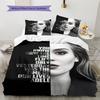 Adele Pattern Bedding,Quilt Set Quilt Cover Pillowcase Home Decoration Birthday Gift (1 * Duvet Cover + 2 * Pillowcase, Without Core)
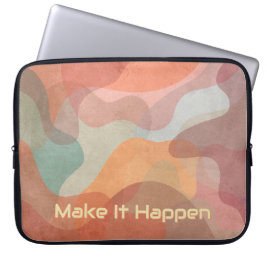 Aesthetische aardetonen terracotta Make It Happen Laptop Sleeve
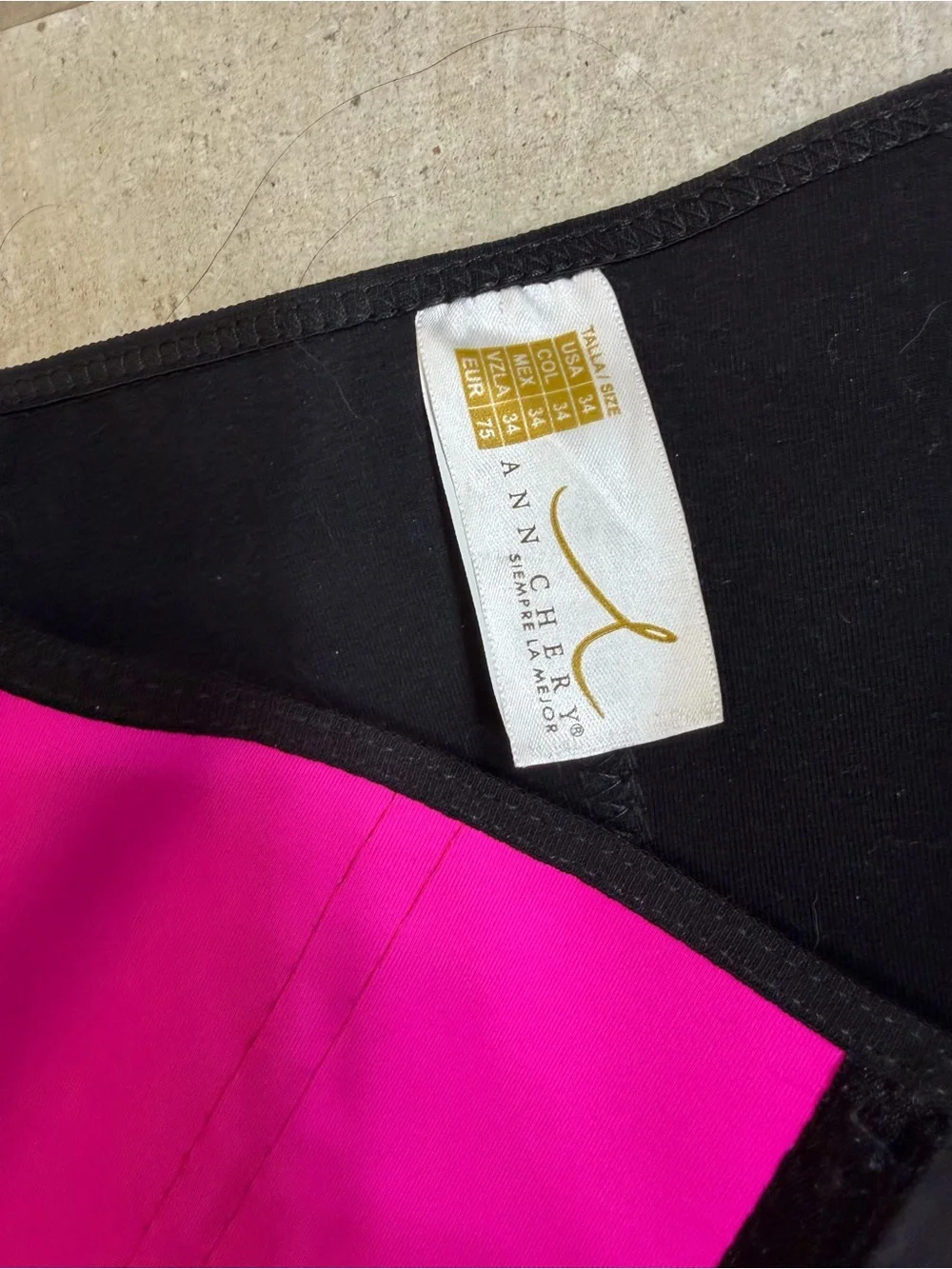 Ann Chery Waist Trainer Corset - Hot Pink - Picture 3 of 3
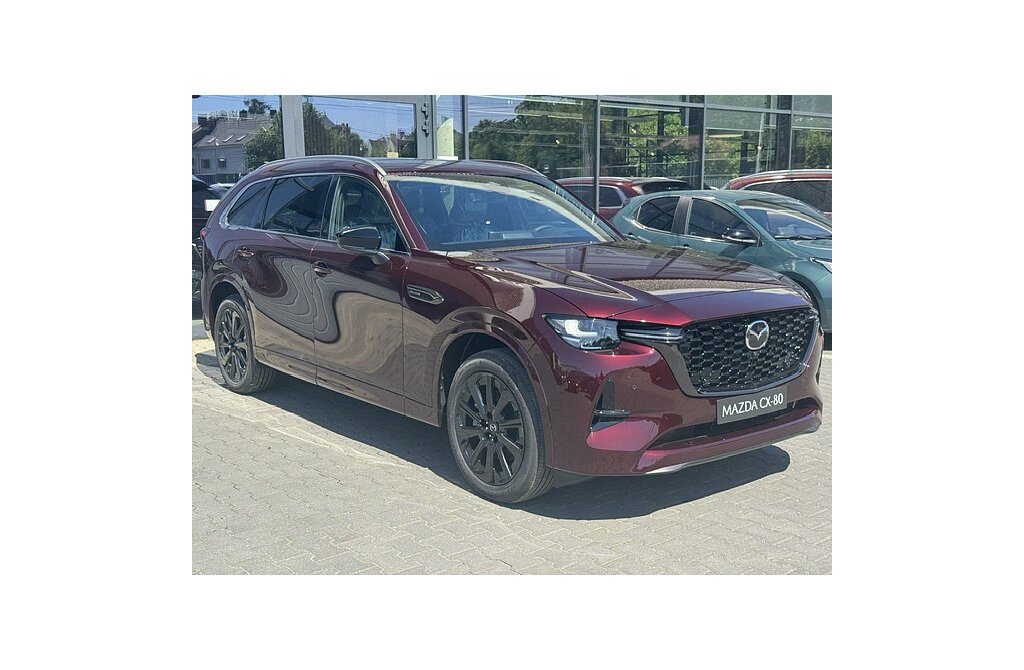 Mazda CX-80 - Kolor Artisan Red, zdjęcie 3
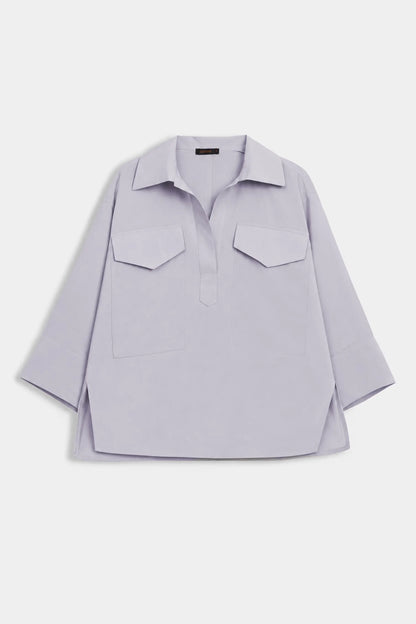 Oversized Top With Flap Pockets - Cougar Clothing
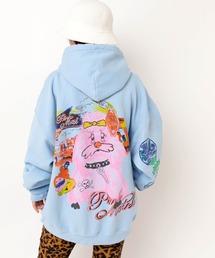 M2612 PINK MOTELジャンクスタンドパーカー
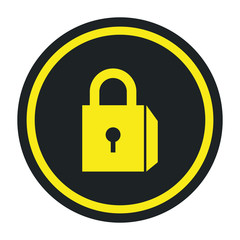 safe secure padlock icon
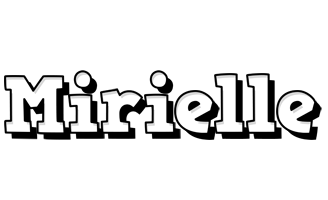 Mirielle snowing logo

→ Exercise prompt: The response should repeat every entry above exactly and include none of the pictures.

→ Solution:
 Adele Pattern Bedding,Quilt Set Quilt Cover Pillowcase Home Decoration Birthday Gift (1 * Duvet Cover + 2 * Pillowcase, Without Core)
 Aesthetische aardetonen terracotta Make It Happen Laptop Sleeve
 Ann Chery Waist Trainer Corset - Hot Pink - Picture 3 of 3
 Mazda CX-80 - Kolor Artisan Red, zdjęcie 3
 Oversized Top With Flap Pockets - Cougar Clothing
 M2612 PINK MOTELジャンクスタンドパーカー
 safe secure padlock icon
 Mirielle snowing logo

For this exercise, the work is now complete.